- John Grisham
- Skipping Christmas
- Skipping_Christmas_split_018.html
Skipping Christmas
Seventeen
He waited as long as he could, though
he had not a second to spare. Darkness would hit fast at
five-thirty, and in the frenzy of the moment Luther had tucked away
somewhere the crazy notion of hanging ole Frosty under the cover of
darkness. It wouldn’t work, and he knew it, but rational thought
was hard to grasp and hold.
He spent a few moments planning the
project. An attack from the rear of the house was mandatory-no way
would he allow Walt Scheel or Vic Frohmeyer or anybody else to see
him in action.
Luther wrestled Frosty out of the
basement without injuring either one of them, but he was cursing
vigorously by the time they made it to the patio. He hauled the
ladder from the storage shed in the backyard. So far he had not
been seen, or at least he didn’t think so.
The roof was slightly wet with a patch
of ice or two. And it was much colder up there. With a quarter-inch
nylon rope tied around his waist, Luther crawled upward, catlike
and terrified, over the asphalt shingles until he reached the
summit.
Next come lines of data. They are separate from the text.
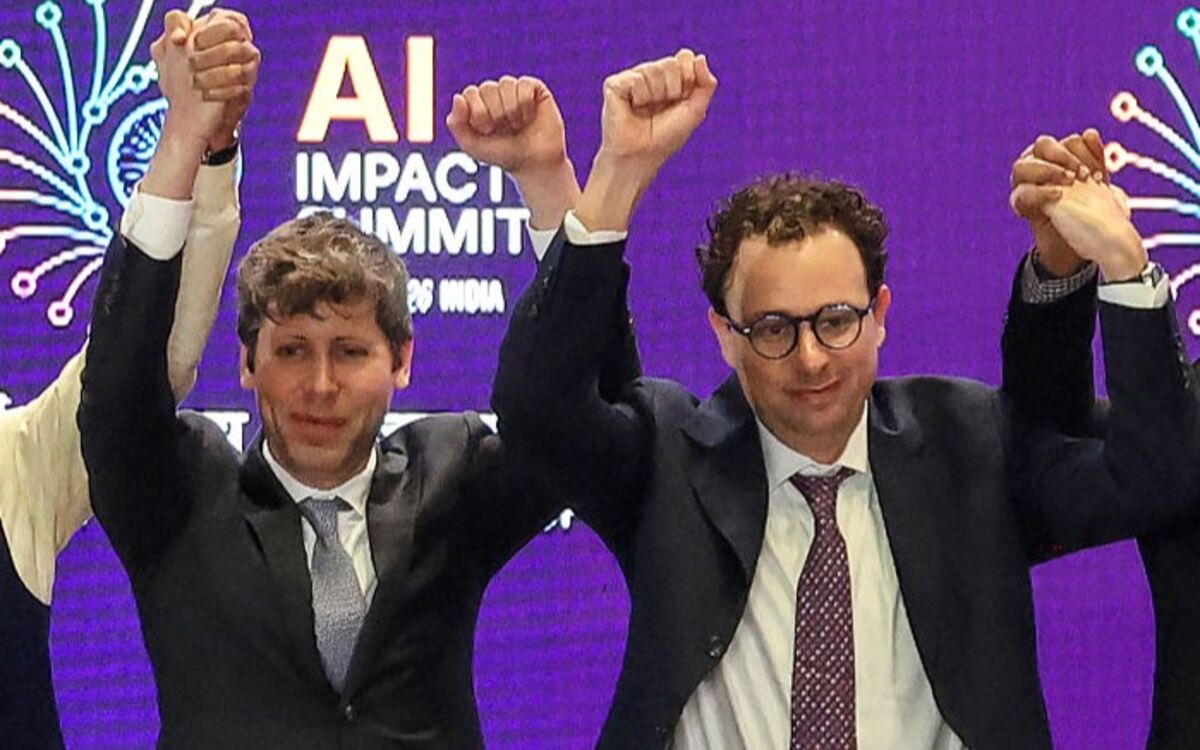 An Anthropic-OpenAI Price War Would Be Brutal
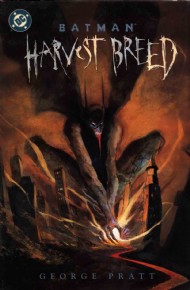 Batman: Harvest Breed 2000
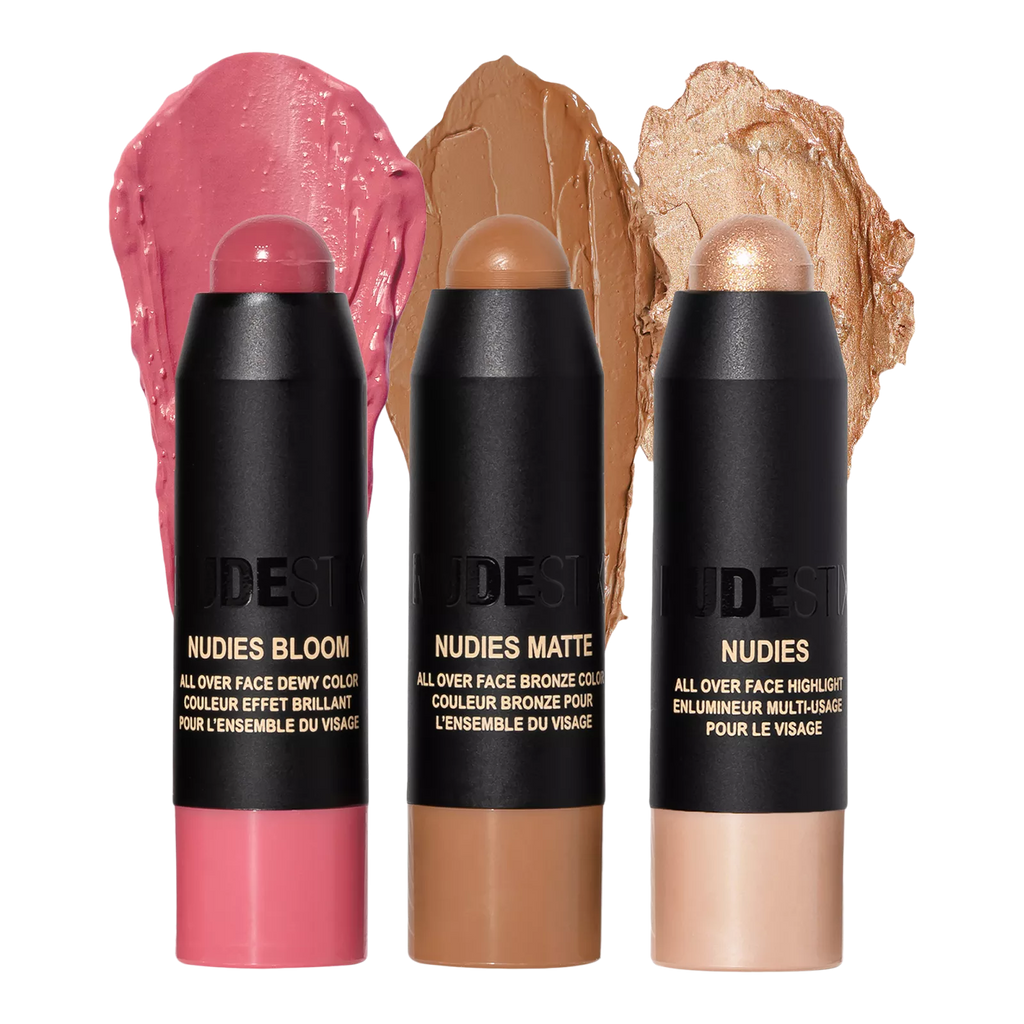 NUDESTIX ROSES & HONEY MINI KIT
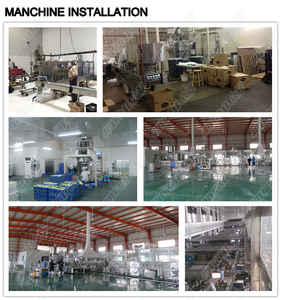 Thượng Hải Tốt Nhất Bán Tự Động Dọc Gói Máy Đóng Gói Dọc Gia Vị Gói Máy Đóng Gói - Product Image 6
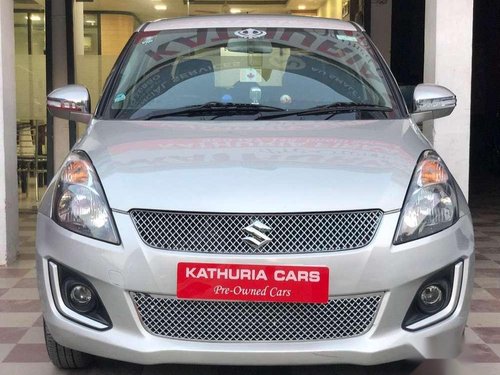 Maruti Suzuki Swift VDi ABS, 2016, MT for sale in Patiala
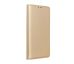 Púzdro knížkové SMART BOOK CASE pre Samsung Galaxy A16 - zlaté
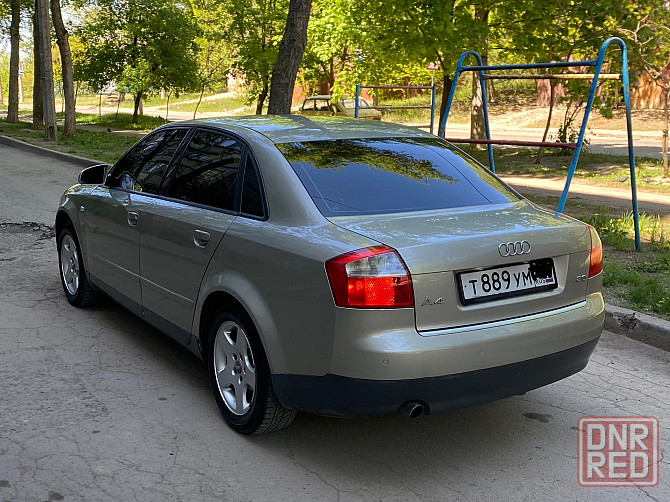 Audi a4 Донецк - изображение 6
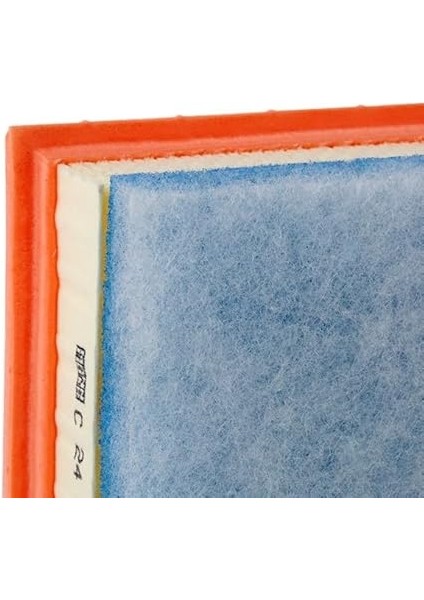 Hava Filtresi C 24 036 (Peugeot-Citroen) modelleri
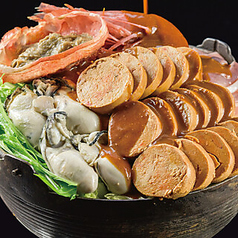 牡蠣海幸かいり 吉祥寺店のおすすめ料理1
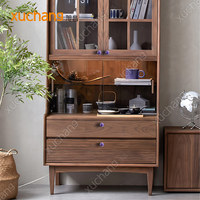 Nouvelle Arrivée Moderne Durable Pierre En Alliage De Zinc Meubles Poignées Boutons pour Cabinet Chambre Salon en Plusieurs Couleurs Styles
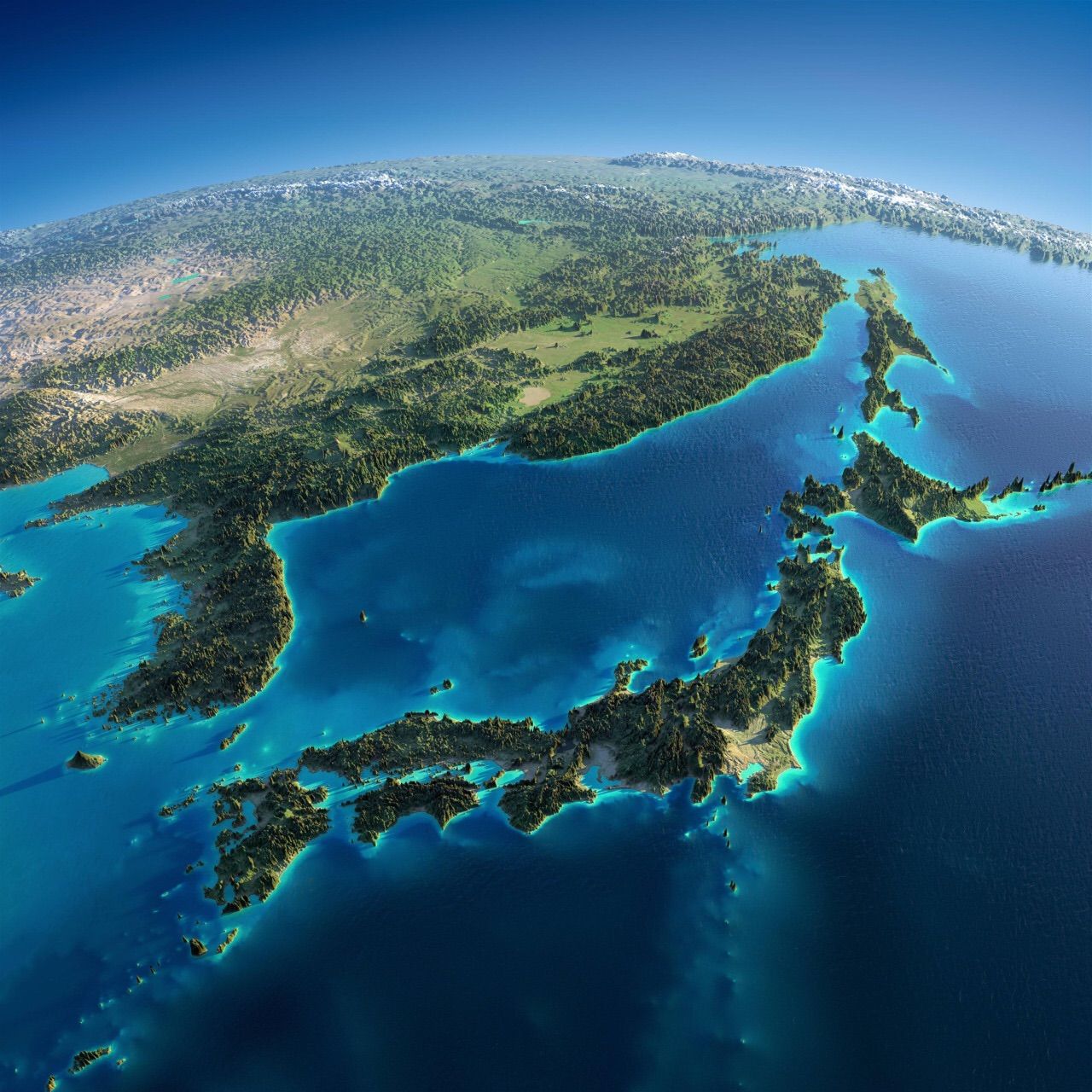 龍神レイキ 川島伸介 百匹目の猿現象加速化計画 日本列島 ならびに 地球 全体に 手が空いた時に レイキをお願いいたします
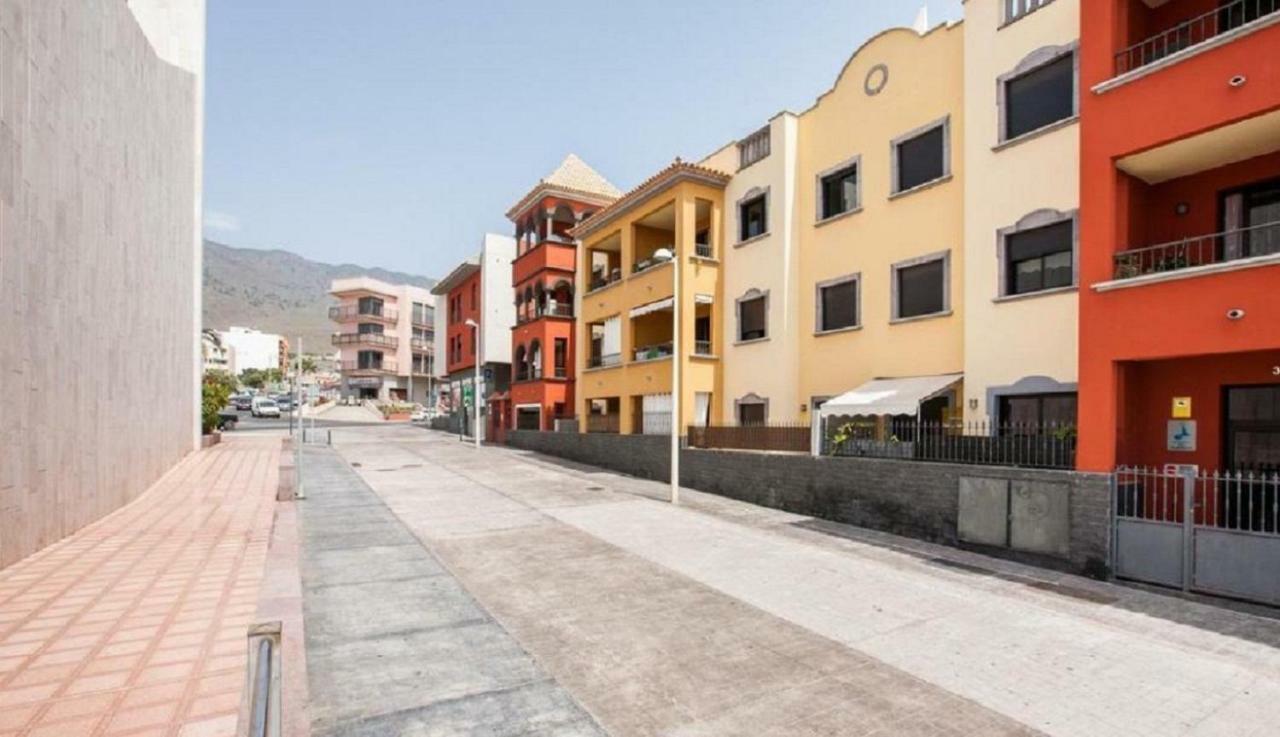 アデヘApartpool El Torreonアパートメント エクステリア 写真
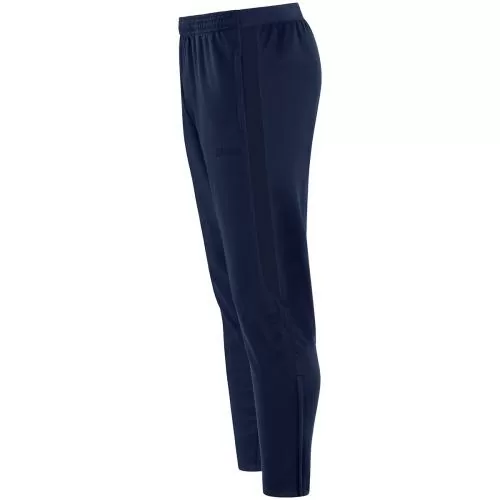 Jako Children Polyester Trousers Power - marine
He peeked over the crown of the roof and peered below-the
Scheels were directly in front of him, way down there.
He looped the rope around the chimney,
then inched back down, backward, until he hit a patch of ice and
slid for two feet. Catching himself, he paused and allowed his
heart to start working again. He looked down in terror. If by some
tragedy he fell, he’d free-fall for a very brief flight, then land
among the metal patio furniture sitting on hard brick. Death would
not be instant, no sir. He’d suffer, and if he didn’t die he’d have
a broken neck or maybe brain damage.
How utterly ridiculous. A
Fifty-four-year-old man playing games like this.
The most horrifying trick of all was
to remount the ladder from above, which he managed to do by digging
his fingernails into the shingles while dangling one foot at a time
over the gutter. Back on the ground, he took a deep breath and
congratulated himself for surviving the first trip to the top and
back.
There were four parts to Frosty-a
wide, round base, then a snowball, then the trunk with one arm
waving and one hand on hip, then the head with his smiling face,
corncob pipe, and black top hat. Luther grumbled as he put the
damned thing together, snapping one plastic section into another.
He screwed the lightbulb into the midsection, plugged in the
eighty-foot extension cord, hooked the nylon rope around Frosty’s
waist, and maneuvered him into position for the ride
up.
It was a quarter to five. His daughter
and her brand-new fiancé would land in an hour and fifteen minutes.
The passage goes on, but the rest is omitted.